Heavy-handedness paying off?
TANZANIA's economic growth, which slowed down in the first half of last year compared to previously, could be revised down after weaknesses in the compilation of national accounts data are addressed, the International Monetary Fund (IMF) has revealed.
Economic growth was subdued in the first half of last year compared to previously, raising concern among some opposition politicians about the direction of the national economy.
 But the IMF now reckons that an ongoing review of the government's method of computing the gross domestic product (GDP) figure, will likely reveal that the economy actually grew at a slower speed than the already reported 6.8 percent in H1 2017.
 The IMF said in a new report that its East Africa Regional Technical Assistance Centre (East AFRITAC) is currently working with the state-run National Bureau of Statistics (NBS) to help review the GDP growth figures.
 "The East AFRITAC is assisting the authorities in addressing weaknesses in national accounts’ compilation, which is likely to lead to downward revisions to the published growth number for the first half of 2017," IMF said in its latest 55-page country report for Tanzania released this week.
 The officially published GDP growth figure for the first half of 2017 is 6.8 per cent, down from 7.7 percent in H1 2016.
 However, the IMF warned that a review of data compilation for the national economy will probably reveal that the economy grew at a slower speed than the reported 6.8 per cent in the first half of last year.
"A decline in private sector credit, a sharp increase in non-performing loan (NPL) ratios, and weaknesses in tax revenue collections would suggest a deceleration in economic growth," it said.
 The IMF said Tanzania's economy, which has been growing at around 7 per cent annually over the past decade, will now probably miss its GDP growth targets.
 "Based on recent developments of the leading indicators of economic activities in the first half of 2017, the (government’s) targeted growth rate has been revised downwards to 7.0 per cent against the initial estimate of 7.1 percent," it said.
 The World Bank said in November last year that Tanzania’s full-year GDP growth would likely decline to 6.6 percent in 2017 versus the government’s revised growth target of 7.0 percent.
 The IMF said in its report that while Tanzania's economy grew at around 7.0 percent in fiscal year 2015/16, GDP growth will likely slow down to 6.0 percent in 2016/17.
According to IMF projections, Tanzania’s GDP growth will likely grow by 6.2 percent in 2017/18, followed by 6.5 percent (2018/19), 6.8 percent (2019/20) and 6.7 percent (2020/21).
  "The deteriorated perceptions regarding the business climate may become a drag on economic activity by failing to unlock new investment opportunities and deterring private sector participation in the major infrastructure projects," the IMF warned.
A decline in investor confidence in Tanzania over the past two years due to the uncertainty of government policies was hurting the economy, said the fund.
"Some recent events have increased private sector concerns about heavy-handed and arbitrary enforcement of rules, increasing uncertainty and negatively affecting private investment," the IMF noted.
 "These include, for example, an export ban on mineral concentrates, heavy-handed changes to the mining laws and the delayed repayment of value-added tax (VAT) refunds."
 According to the IMF, only 58 billion/- in VAT refunds were paid in 2016/17, compared with a staggering 570 billion/- paid in 2015/16 due to "broad and protracted audits of related claims."
"A continued low rate of execution of public infrastructure spending would have a negative impact on economic activity in the near term and reduce the growth potential going forward," it said.
 "Additionally, a prolonged slowdown in private sector credit growth could affect economic activity."
The IMF said the fundamentals of Tanzania's economy remain robust, but the government needs to urgently address warning signs from key economic indicators.
"Although GDP data point to continued strong growth, other high-frequency data suggest a weakening economic activity.
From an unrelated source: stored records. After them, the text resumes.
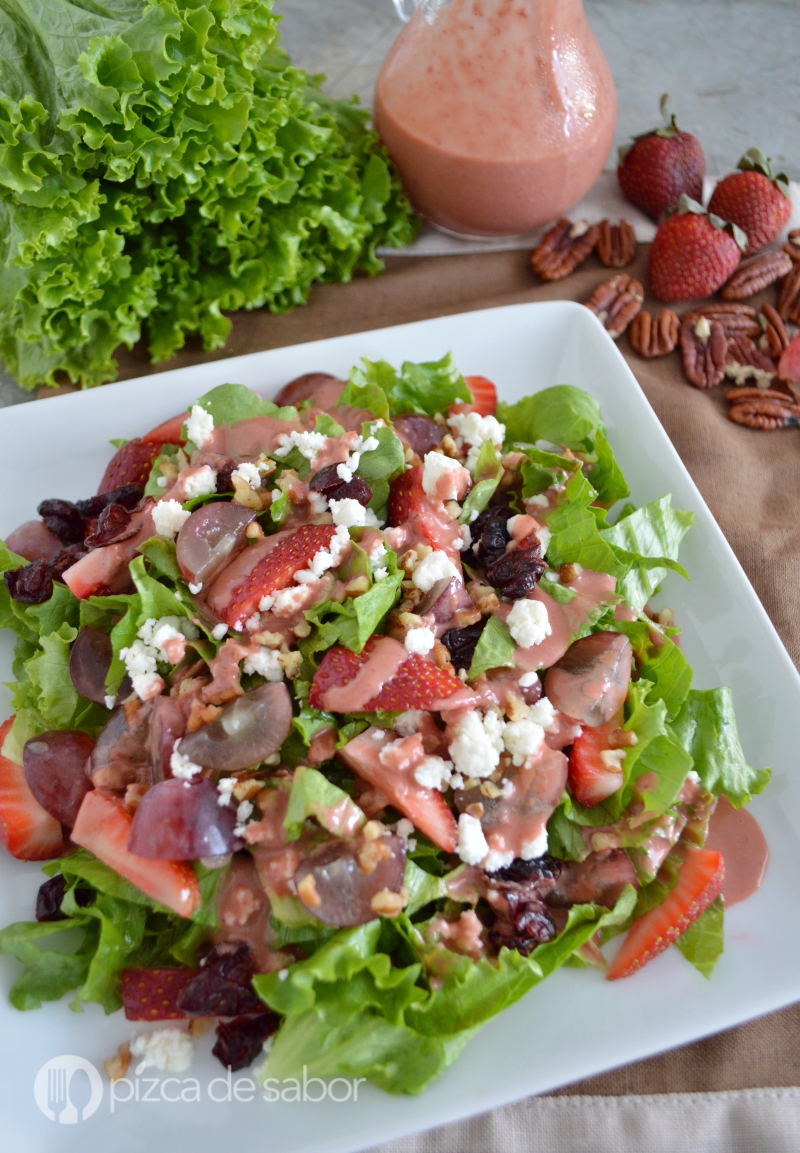 Ensalada con uvas, fresa y nuez Pizca de Sabor
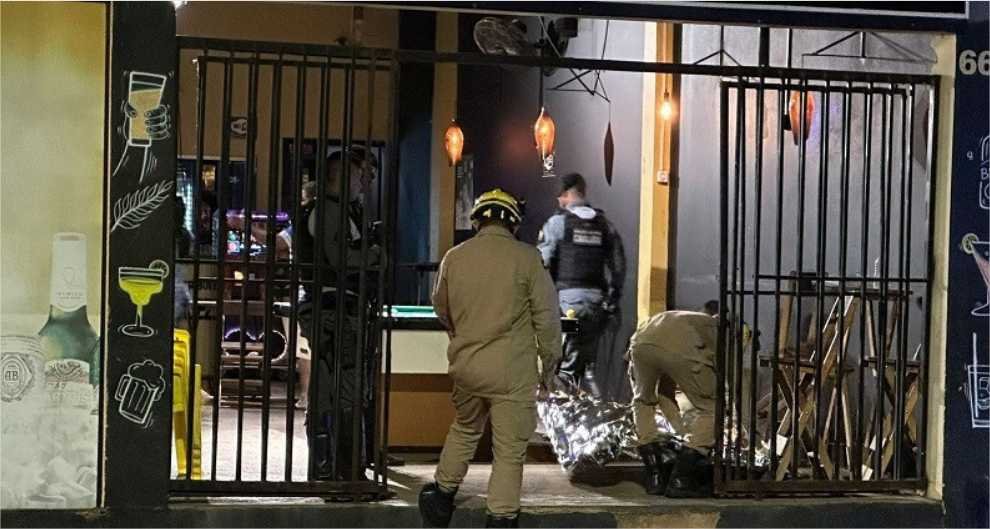 Jovem de 24 anos é morto com quatro disparos em bar de MT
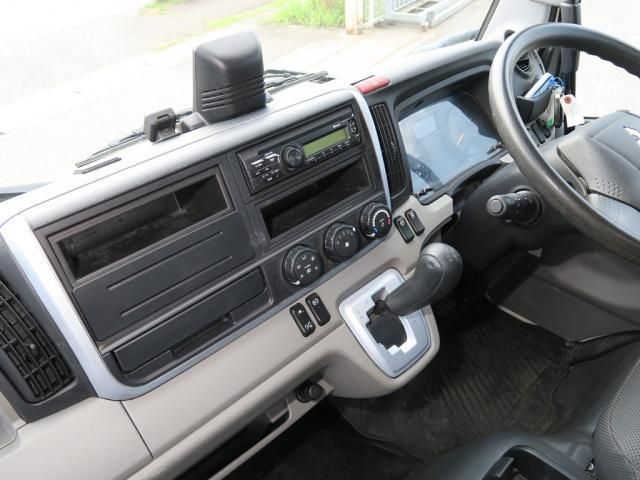 Mitsubishi CANTER 2024-04 8186332-29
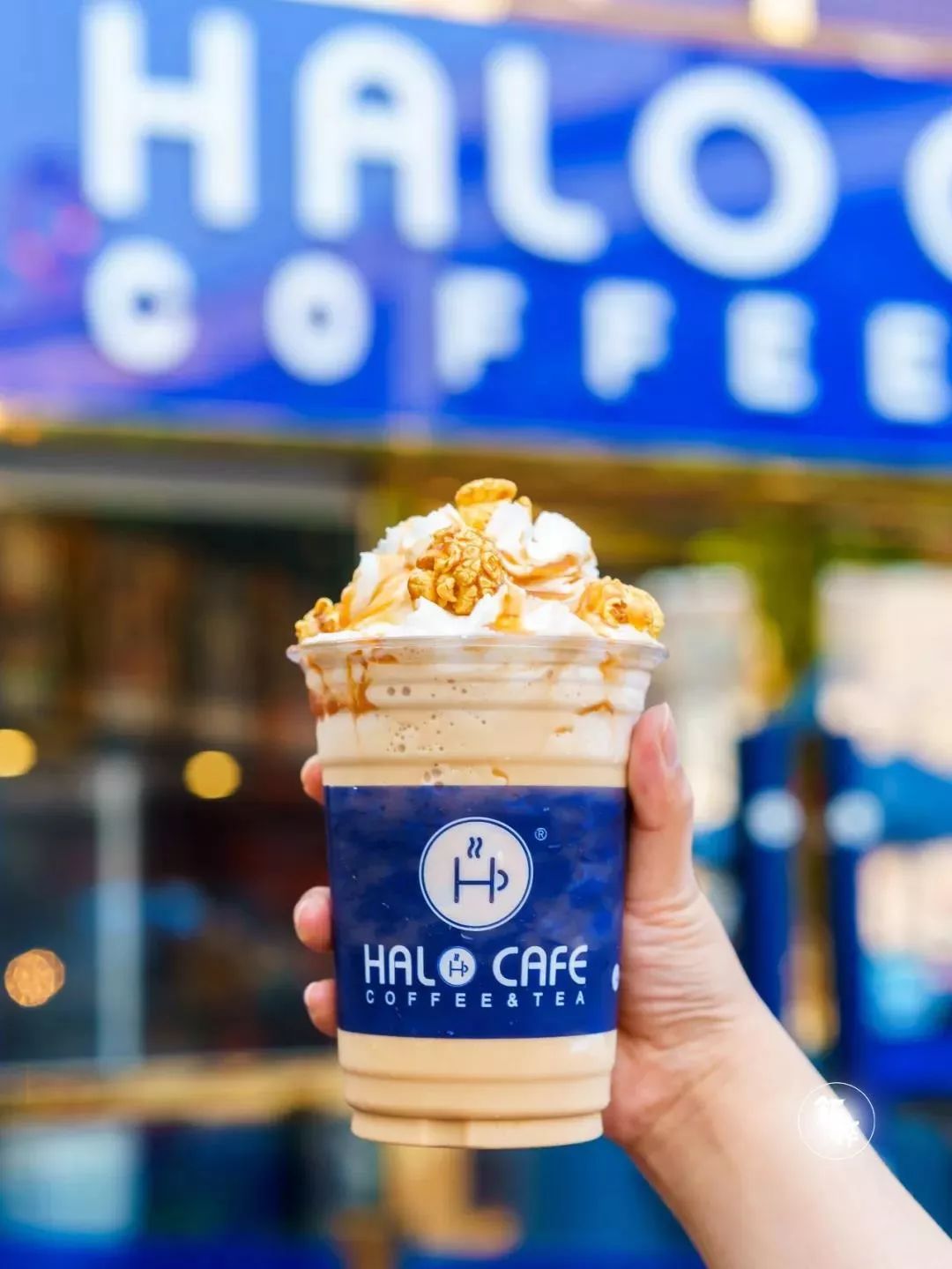 免费喝网蓝halocafe正式登陆中天新地这家网红店一开业就搞事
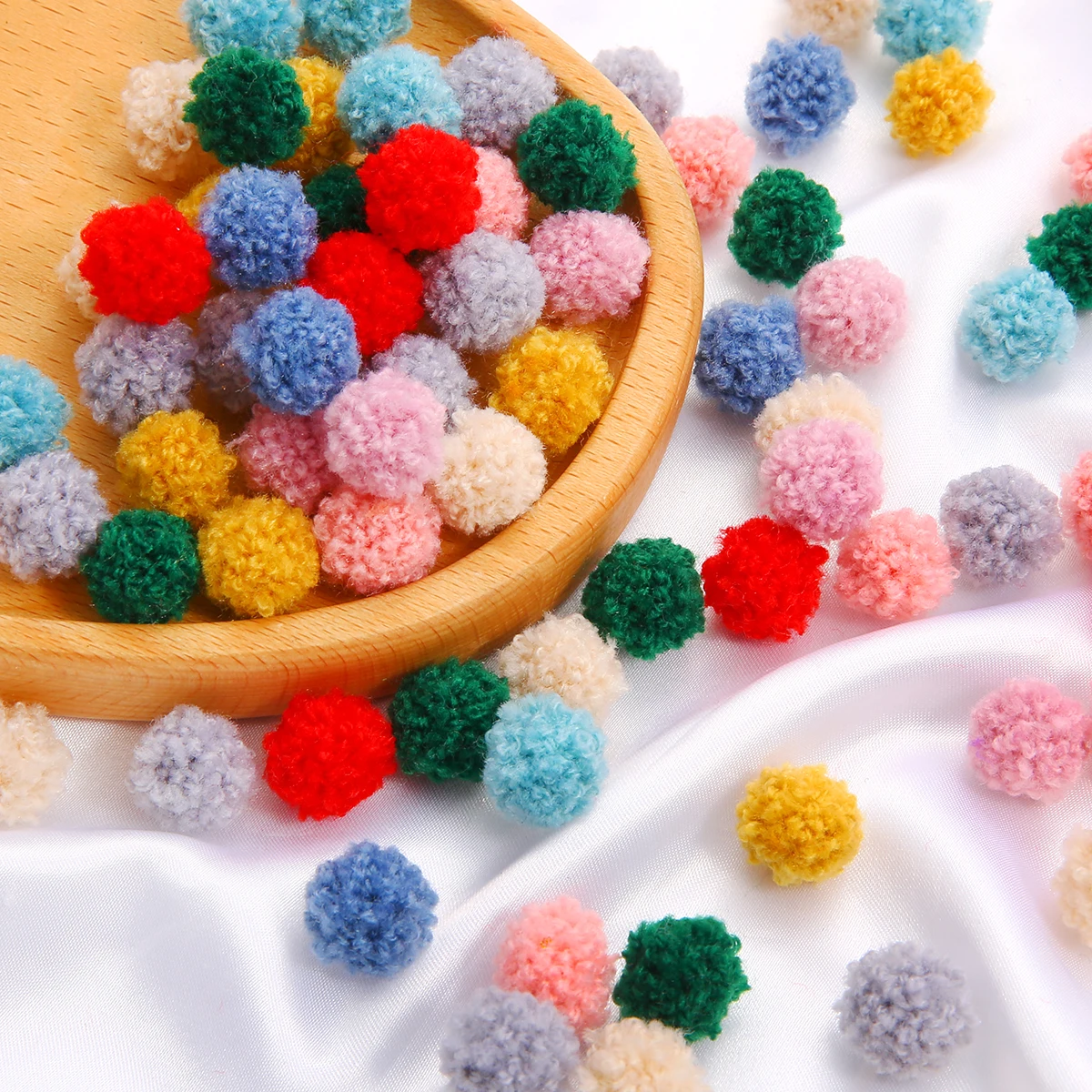 15/20mm Soft Round Pompom Balls Fluffy Pom Beads Charms Pendant For Kids DIY Earring Handcraft Christmas Sewing Supplies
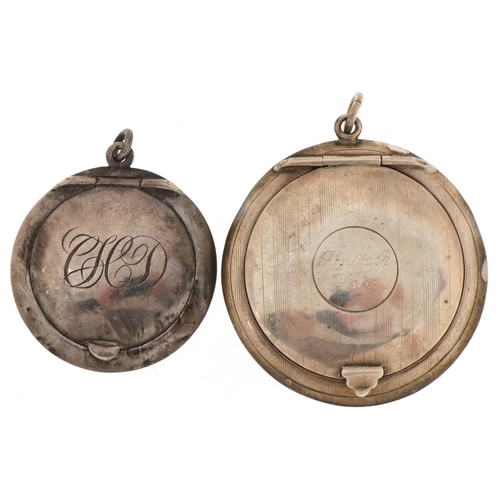 520 - Two George V circular silver compacts, one with engine turned decoration, Birmingham 1912 and 1918, ... 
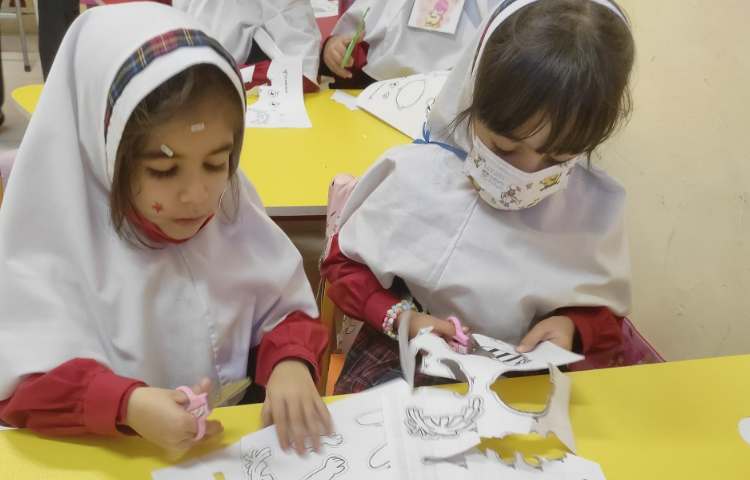 عکس General English Class 4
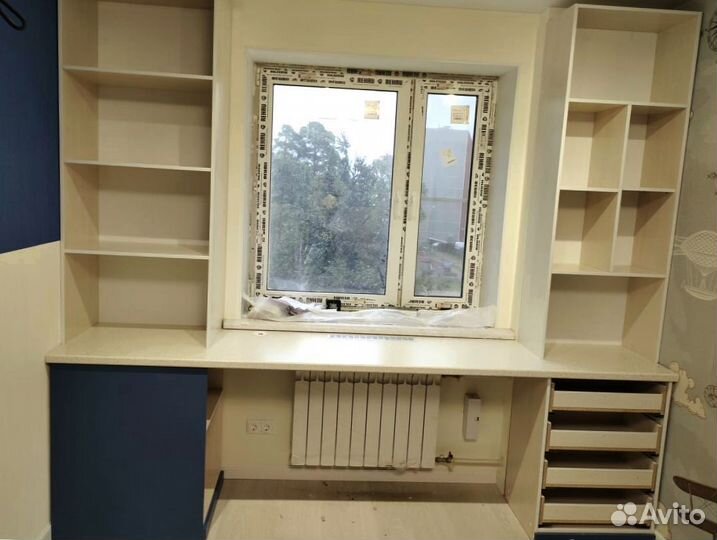 Рабочая зона с доставкой и сборкой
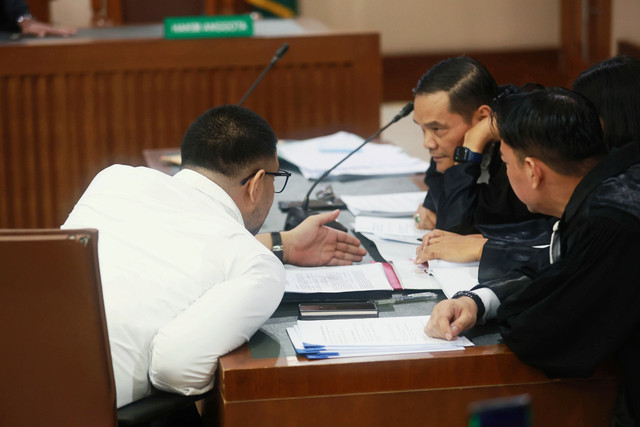 Terdakwa Ammar Zoni berdiskusi dengan pengacara saat menjalani sidang terkait penyalahgunaan narkotika di Pengadilan Negeri Jakarta Pusat, Jakarta, Kamis, (8/01/2026). Foto: Agus Apriyanto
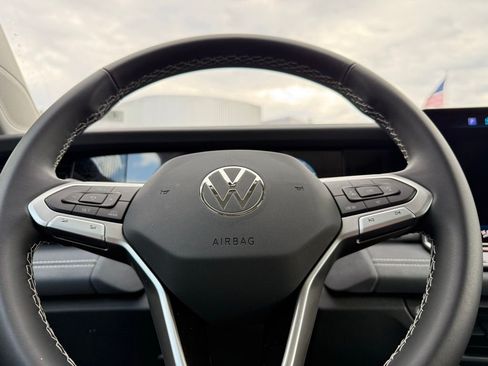 New 2026 Volkswagen Tiguan SE AWD/4WD image 38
Tax revenue collections are lower than expected and credit growth has stagnated reflecting in part banks’ rising NPLs. Inflation remains moderate, and international reserves have increased substantially," it said.
"Strong growth and job creation are needed to address high poverty and a large underemployed youth population. Infrastructure gaps and the business climate have also become increasingly challenging and require a response. Sustained reforms will be needed to achieve the strong private sector-led growth envisioned by the government’s development plan."
Additional domestic revenue needs to be mobilised through tax policy and administration reforms while improving the functioning of the VAT refunds system, said the IMF.
Despite forecasts from both the IMF and the World Bank of slowing GDP growth in Tanzania, the government remains bullish that it will meet its revised 7.0 percent economic growth target for 2017.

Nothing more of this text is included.